• **THE DATA**:
--------------------------------------------------

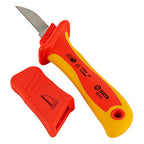 Sata SC93472 VDE Insulated Cable Knife, Straight Blade - view 2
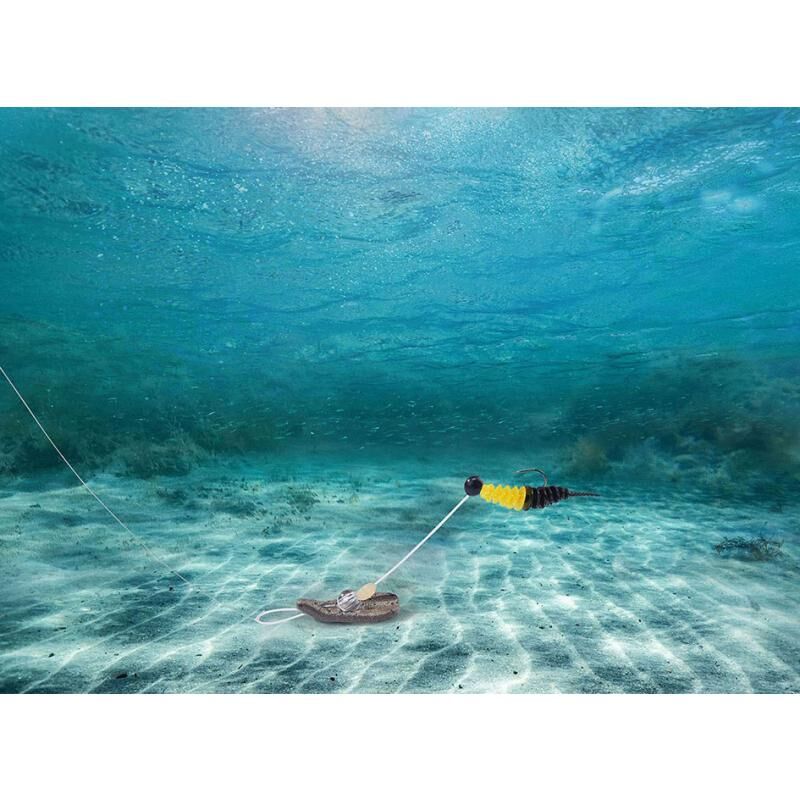 Balzer Perchman Rig Trout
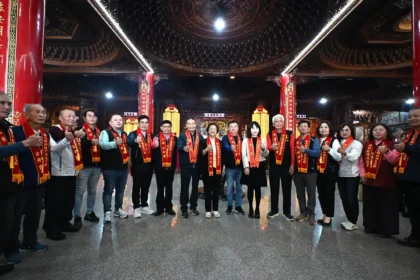 「2026彰化縣媽祖祈福文化節」　媽祖聖筊擇定10月9日至11日辦理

--------------------------------------------------

• **WHAT IS EXPECTED**:
The expected output is the complete listing, word for word, without any picture.

• **RESPONSE**:
 Sata SC93472 VDE Insulated Cable Knife, Straight Blade - view 2
 Balzer Perchman Rig Trout
 「2026彰化縣媽祖祈福文化節」　媽祖聖筊擇定10月9日至11日辦理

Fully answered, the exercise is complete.